Monday, February 14, 2011
Panama Canal & Portobelo
We hired a taxi driver/barber for a day of sightseeing from Panama. We had him for our ride to Panama Viejo ruins in the city and he seems to be an honest guy from San Pedro Sula Honduras. We negotiated $8/hr. But apparent he thought we are just going be around Panama City instead of all the way across to the other side of Panama to Portobelo on the Caribbean side even though I told him before that we wanted to visit Portobelo. It must be my poor Spanish. He also had us pay the gas, which we weren't expecting. He arrived at hotel 20 minutes late and in a beat up Landover with no ac, but it was ok since was careful with driving and good smooth ride, very important for my mom.
We set out for Panama Canal’s Miraflores gate on the Pacific side; it has very nice visitor center and display as well as view platforms. What can I say about the canal? It certainly a modern engineering wonder with genuine human toll. Also just think some of items in our house passed through these locks. We arrived shortly after the visitor center was open, but there were some tourists already. But just enough room to get good pictures (and still decent lighting). We watched few of the big ships (as well small ones) transit through the lock and on its way to Atlantic side. The rise and fall of water in the lock is all by gravity, no pumps! The cost of transit is very expensive, you can even swim across, but that will cost you as well.
As a kid I have seen the photos from my dad when he transited through the canal on the ship he was working on, so it was especially nice to see what my dad saw and experienced. After hand over of the canal to Panamanian government, the Canal Authority has planned for expansion for deepening and widening of the canal and as well additional lock to accommodate the modern mammoth ships. The expansion work is already underway. China is said to looking for an alternate transit beside Panama Canal, it will be interesting to see if it did go ahead with alternative project.

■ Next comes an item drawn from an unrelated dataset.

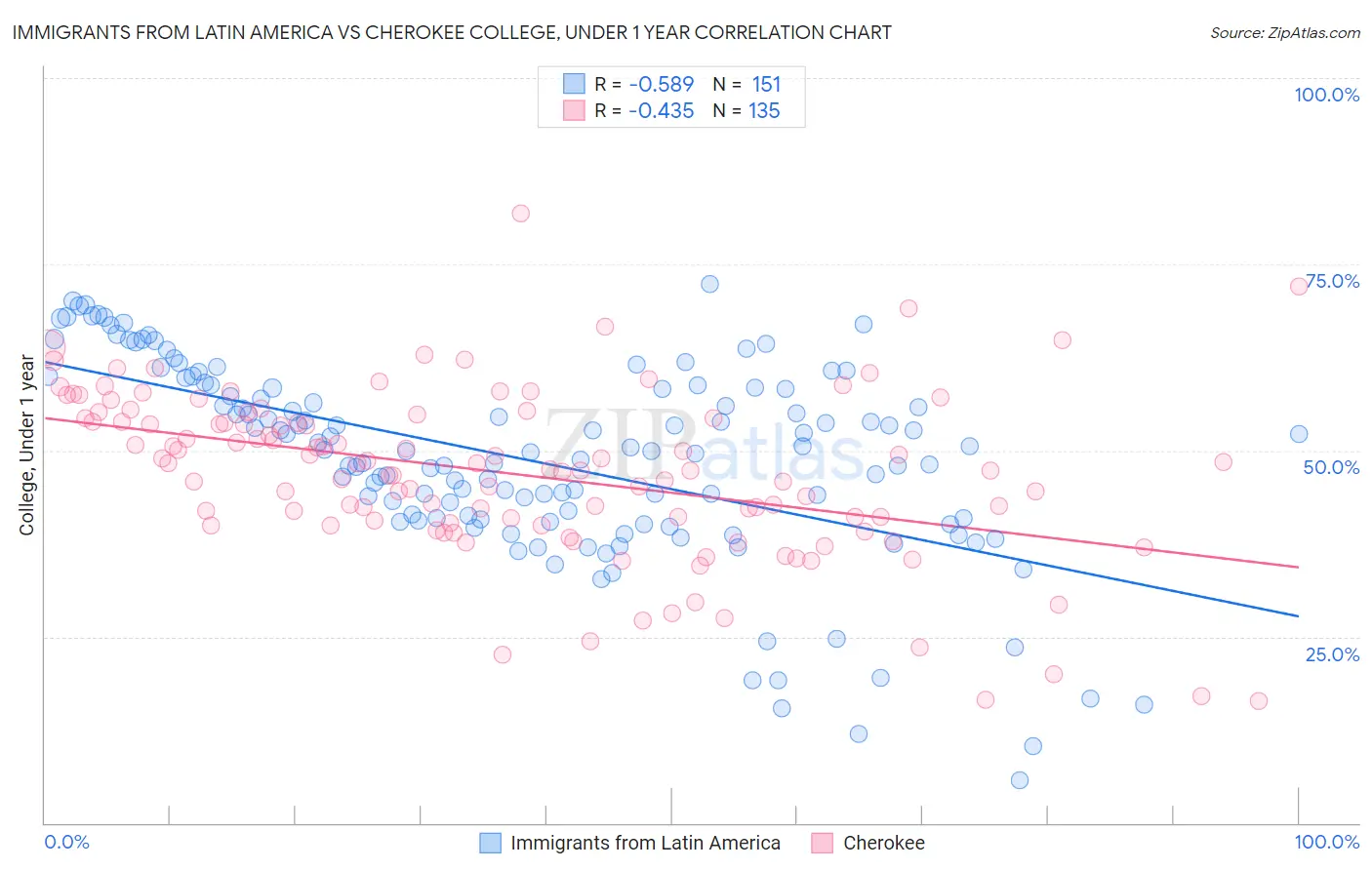 Immigrants from Latin America vs Cherokee College, Under 1 year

After the canal visit, I told the drive we want to goto Portobelo, but he insist we goto a nearby place called Gamboa. So I figure, it is on the way anyway, so why not. But he forgot to make a turn (I saw the sign, but didn’t tell him) and we ended near the toll road to Portobelo. He wanted to head back to Gamboa, but told him forget about Gamboa and just take us to Portobelo, that when all the misunderstanding came to ahead. He finally agreed and head for the toll road, but got on the wrong direction toward Panama City! There are no exits between where we got on and Panama City, so he made an illegal turn in tiny opening in the medium divider. I was ok with that. We pass through few toll booths and he wanted us to pay for the toll, which I was ok with it since the fast road save us time. Then as we approached a turn off for Portobelo, he pulled into a gas station and asked for money to pay for the gas, we all kind upset, since we didn’t expect it. He lost our confidence and appreciation as a result after that.
Anyway we arrived at Portobelo without further incidents. Portobelo was once a greatest Spanish port in Central America. It was destroyed by British admiral Edward Vernon in 1739. It was rebuilt in 1751, but never achieved its formal glory. Today it is a sleepy fishing village with ruins scattered around the town. It is a nice and quiet town to explorer for half a day. There was flooding in Panama back in December 2010, and part of town and part of the ruins were destroyed again. It also has couple beaches nearby as well as offshore island Isla Grande for more R&R, but to do all that one needs to stay here for couple nights. We skipped lunch and just walk around the town and ruins while dodging rain showers. We stopped by Lobster beach on the way back to Panama.
One way back our hotel, we hit major traffic jam again, Panama City traffic really sucked! The driver wanted to know if we still want transport with him to the airport on Wednesday, and I told him if we do, we will call him the night before. After the communication fiasco, we are reluctant go with him again.